How will we share genetic information, especially within families? If I fall and break my ankle, the injury won't matter much to my brother. But if I learn that I have the gene for colon cancer, that knowledge could be immensely important to him. We have no ethical or legal rules for sharing genetic information. How this information will be shared in extended families — in which not everyone cares for everyone else in exactly the same amount — is a troubling question.
In addition, no one shares information in exactly the same way. I once made the diagnosis of fragile X syndrome in a young boy. Because of its genetic nature, I knew that his aunts were at risk for bearing a child with the same problem. When I told the mother, she absolutely forbade me to share the information with her sisters — she was staunchly pro-life, and her sisters were pro-choice. She said to me, "I will not contribute in any way to the possibility of an abortion of a nephew." These are the issues that tear families and societies apart.
Should a doctor ever breach genetic confidentiality? Genetic information is different from other medical information in that such knowledge can be relevant to other family members. We don't have any rules on this. What if a physician found out that a patient had a genetic risk for sudden death from a rare form of heart disease that may be shared by other family members? Would a doctor ever be permitted to breach that wall of confidentiality?

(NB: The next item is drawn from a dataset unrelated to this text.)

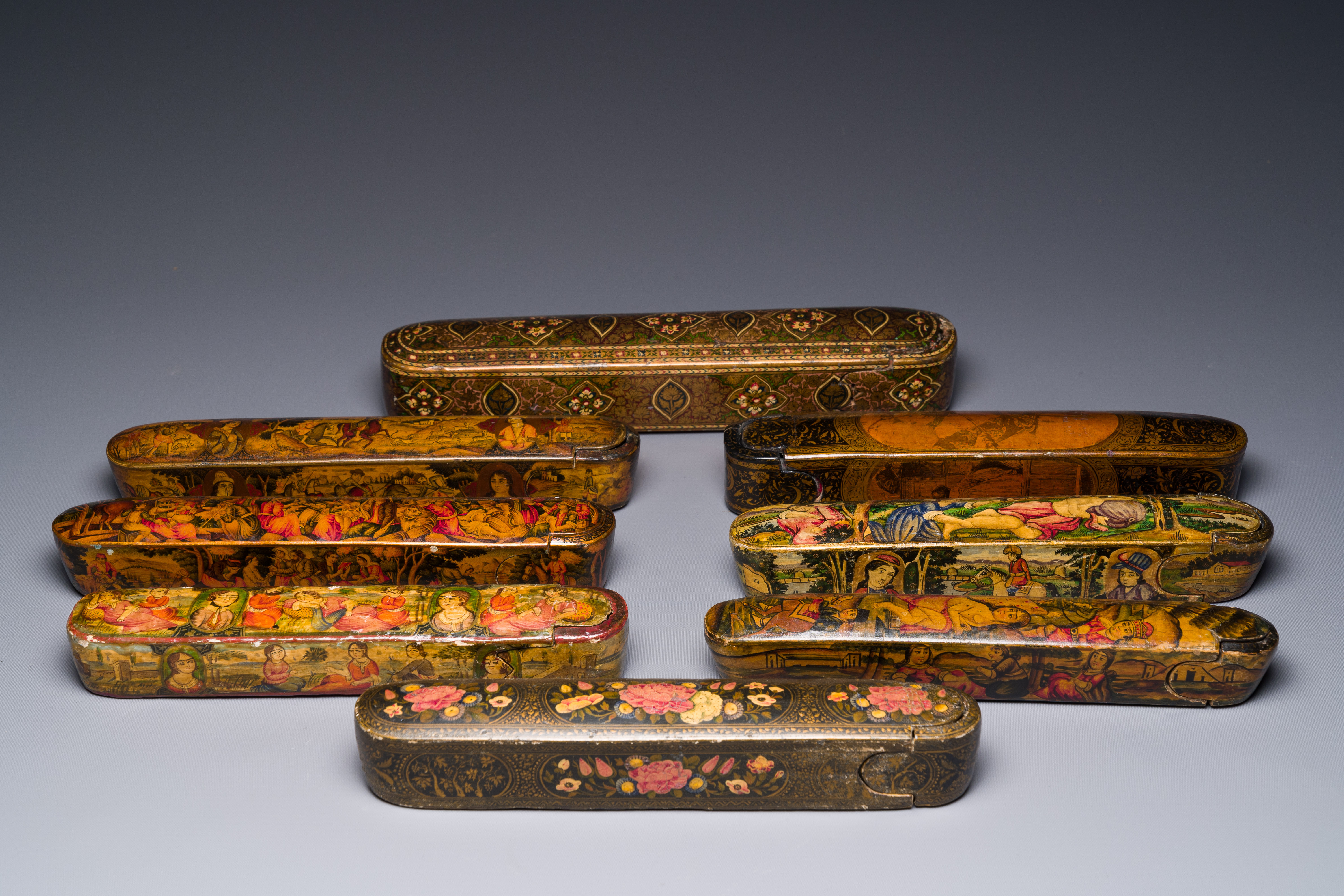 A collection of eight lacquered papier-mache pen boxes or qalamdans, Qajar, Persia, 19th C.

A Nebraska Supreme Court case a few years ago provides a perfect example of an issue that makes me concerned. At the heart of the case was a woman who had a family history of ovarian cancer. She had completed her child bearing and wanted to have an ovariectomy to reduce the future risk of ovarian cancer. She had consulted with clinical endogeneticists who basically agreed with her. At the time, no DNA testing was available for ovarian cancer, as would be possible today. Her insurers refused to pay for the operation because they said she was healthy, had normal ovaries as far as could be determined, and there was no certainty she would get the disease. To make a long story short, she had the operation and then sued to recover the costs against her insurer. The Nebraska Supreme Court justices, by a telling vote of four to three, had to interpret the insurance policy regarding whether she had a bodily disease or illness. If they determined that she did, she would be covered. They decided the case, I believe, with their hearts, not their minds, and said she did have a bodily disease or illness; therefore the insurance company had to pay.
The implication of that decision is that we are all ill because each one of us is genetically predisposed to several conditions — we just haven't determined which ones yet. Well, we're going to in the next 20 years.
The threat of misuse of genetic information by third parties has been called "genetic discrimination." This concept has been debated throughout the 1990s, almost since the inception of the Human Genome Project. Many responses have been given. In the United States today, 30 states have laws to prohibit the use of genetic information in group health care underwriting. The federal law known as the Health Insurance Portability and Accountability Act does essentially the same thing. The Equal Opportunity Employment Commission has issued a ruling interpreting the Americans With Disabilities Act (ADA) to say that genetic information cannot be used as a criteria in hiring or promotion. However, recent U.S. Supreme Court interpretation of several ADA cases puts this broad ruling in jeopardy.
One of the most important areas for discussion is the role of genetic information and life, health, and disability insurance. In general, legislative action has been taken to curb the use of genetic information in health care underwriting. Not so in life insurance. Americans think of life insurance in a somewhat different way. In survey after survey, when Americans are asked, "Do you think everybody should have access to affordable life insurance?" 80 percent say yes. But ask those same people, "Would you pay a few dollars more so everybody else could get access?" and 80 percent say no. Thus the dilemma of a democracy.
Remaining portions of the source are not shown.